第4章 众志
胡云峰握住手机的不停发抖,当张教授挂断电话那一刻,如同他自己亲自挥下刀,斩断了通往自己理想的道路。
放下屠刀,拾起的是,是报名支援苏杭医院建设志愿者的车票。
这是他的选择。
虽然遗憾,却不后悔的选择。
或许自己真正的理想,并不仅限于从军入伍,说到底,每个男孩心中都有个英雄梦,但不是只有在枪林弹雨中奔赴的才是英雄。
就和小时候爷爷总是重复教自己的那句话一样,天下兴亡匹夫有责。
从胡云海的一通电话打过来后,家里的气氛一下从兴奋跌到冰点;胡云峰本想找机会告诉父母,自己的选择,但看到二老低落的情绪又于心不忍。
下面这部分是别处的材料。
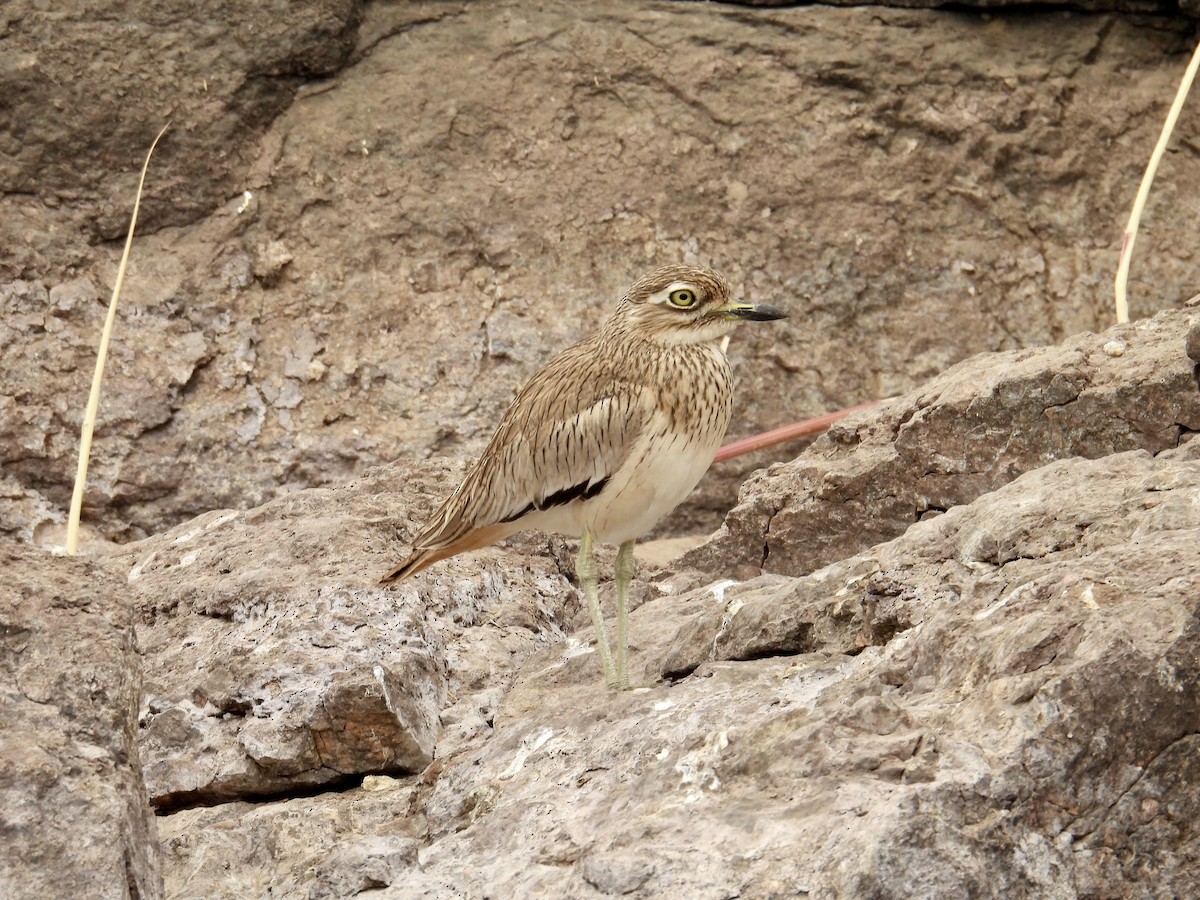 Senegal Thick-knee - ML639569847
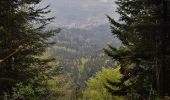 Tocht Te voet Gomadingen - Querweg - Oberdigisheim - Weg Nr. 1 - Oberdigisheim - Baienberg - bis zur Weggabelung - Photo 5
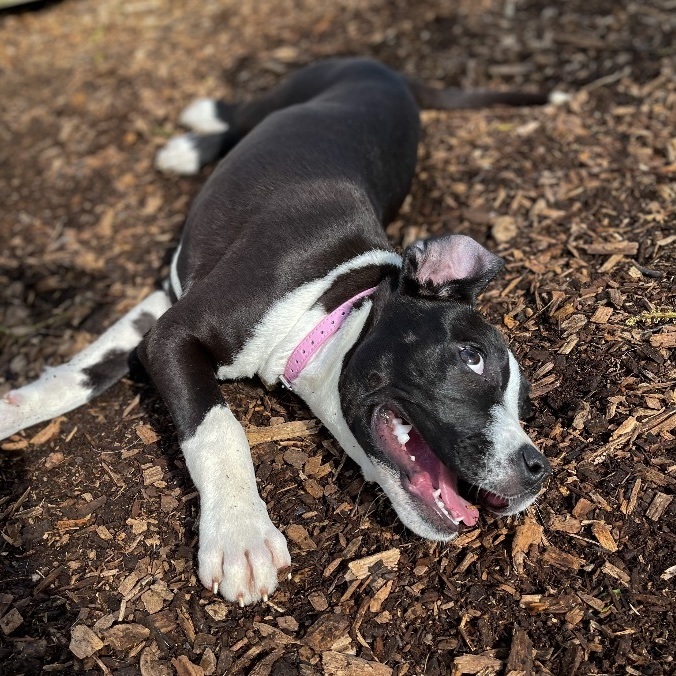 Enlarge Jill, a Adopted mixed breed in Greer, SC image 2/6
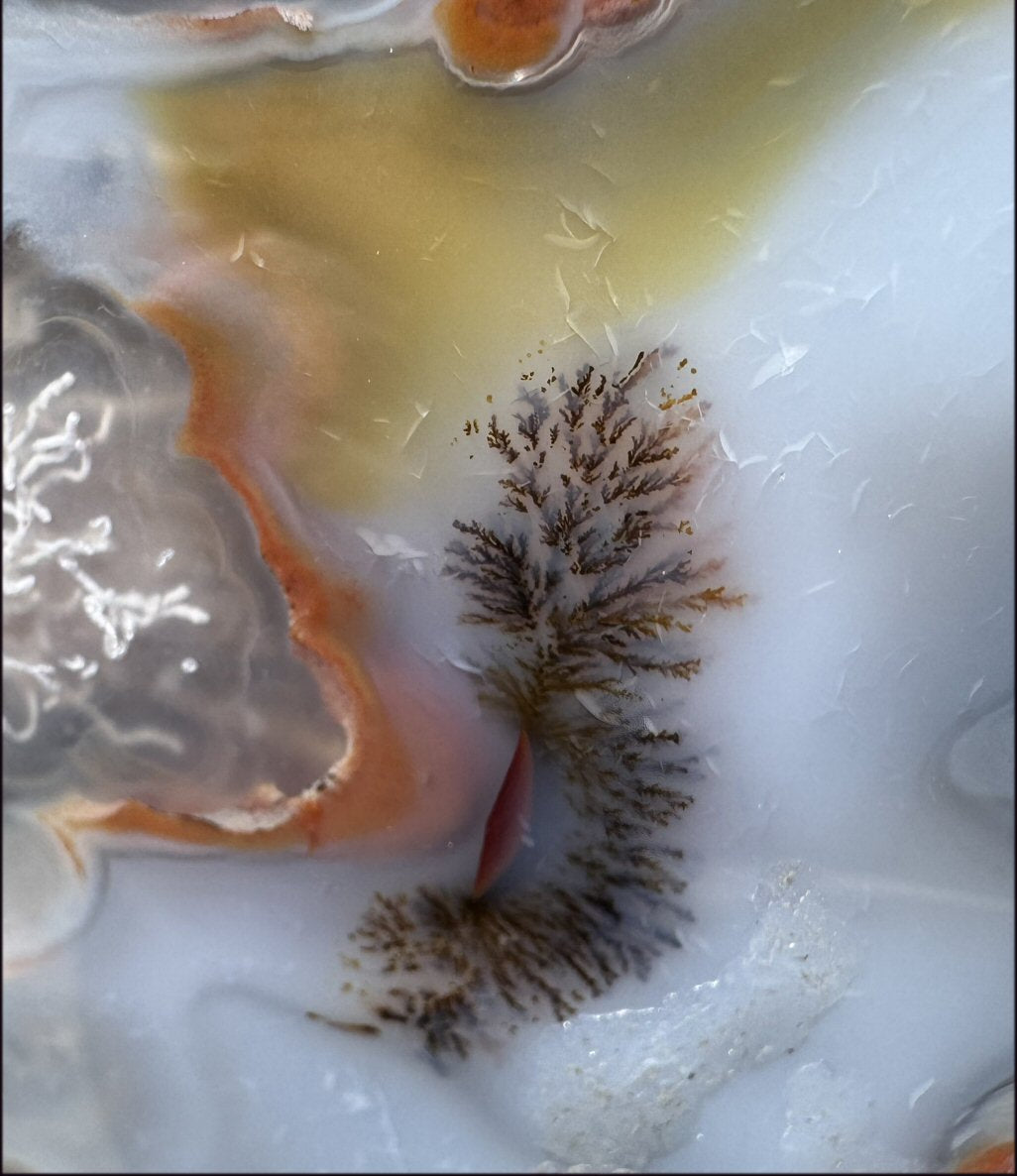 ~OOAK~ LifeSize Plume Agate CRYSTAL SKULL with Vugs, Parallax effect, Fantastic formations - 14lbs+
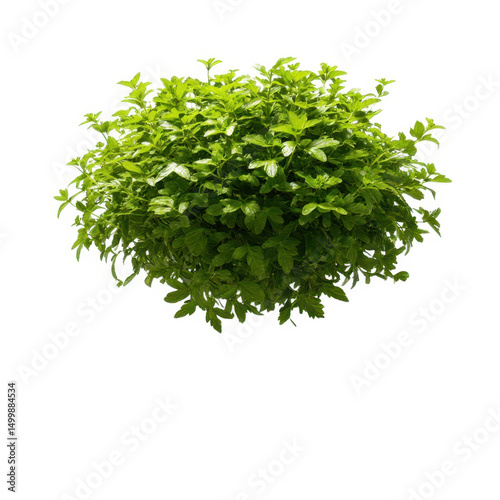 Green plant with small leaves isolated on transparent background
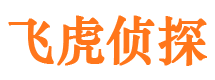 景宁市侦探公司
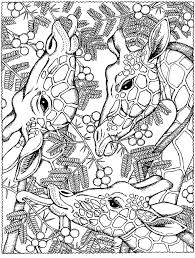 Coloring pages for adults giraffe related posts: Giraffes Coloring Pages For Adults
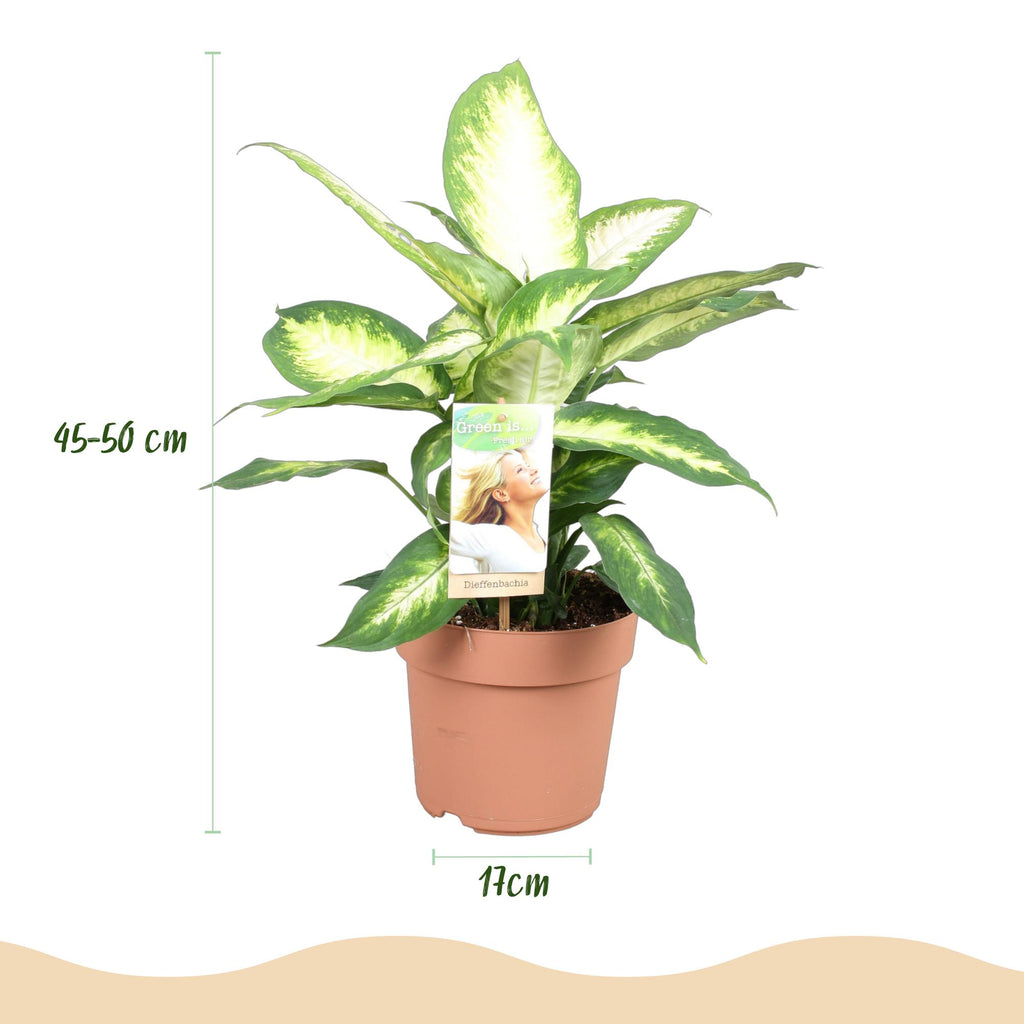 Diefenbachia Camilla, groene bladeren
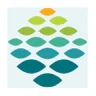 Northern Light Health logo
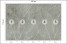 Fototapeta Białe Liście na Betonie do Salonu i Sypialni 250x175cm, 6827341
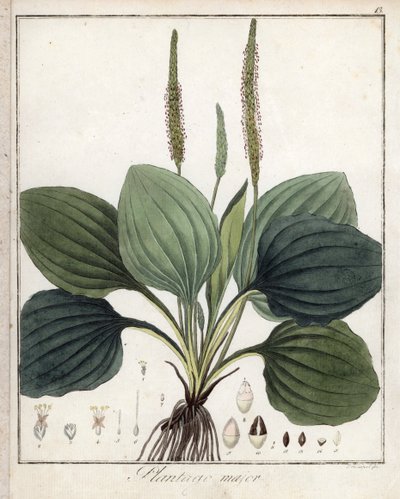 Suuri kasvipannu eli Plantain Major (tai lintujen kasvipannu) - F. Guimpelin litografia, otettu Friedrich Gottlob Haynesin (1763-1832) lääketieteellisestä kasvitieteellisestä julkaisusta, Berliini. tekijältä Unbekannter Künstler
所以他在留书中撒了一个善意的谎言,只说考察队集合时间提前,自己迫不得已不辞而别。
然后在深夜,他踏着星与月,去向苏杭。
【地表/苏杭】
胡云海毅然挂断电话,独自整理自己的情绪。
医院走廊一直不曾安静。
从7月4日开始,各类患者就不断增加。
一开始是那些遭到流浪猫狗或是其他动物袭击,而受伤的病患,现有的狂犬疫苗在他们身上起效甚微。
最初,还能短暂抑制病毒;然而这种有别于狂犬病的新型感染病毒,进化速度超乎寻常,它们仿佛有着自己的思考方式般,很快发展出完全异于狂犬病毒的细胞核,使得免疫细胞无法辨认它的存在。
尽管病毒学与医学界迅速做出其他尝试,但这种病毒却总能做到“未卜先知”,以离谱的变异速度和变异趋向,规避所有免疫与治疗手段。
随着时间推移,病患与死亡人数在不断上涨。
所有驻院的医护人员,都已经几天没有休息过,有的人累到当场昏厥,有的人崩溃到嚎啕大哭。
内有严峻的奇异病毒感染问题,外又要面对患者家属的施压,那些因失去亲人而无处发泄怒怨的患者家属,将矛头指向医院,殴打护士,医闹这种事每天都要发生好几次。
几分钟前,胡云海刚刚得知女友因过度疲劳,而短暂休克;方才电话里,他没忍心告知父母苏杭病情的严重,还有自己心里的压力。
“师傅,喝点东西吧。”一瓶桔汁递到胡云海面前。
来的人是今年刚刚到医院实习的医科大学学生,叫温和;专业和胡云海一样,两个人同属一个科室。
因为刚进入医院规培的时候,一直由胡云海负责带他,所以温和称呼胡云海为师傅。
除此之外,他与自己的弟弟胡云峰还是好朋友;高中时期,温和与陆景一直是同桌,而陆景和胡云峰是大学室友,所以理所当然的相互结识。
温和名如其人,做人也很温和,是个很好相处的后辈,故而虽然他和胡云峰关系不算很近,可是相处的很好。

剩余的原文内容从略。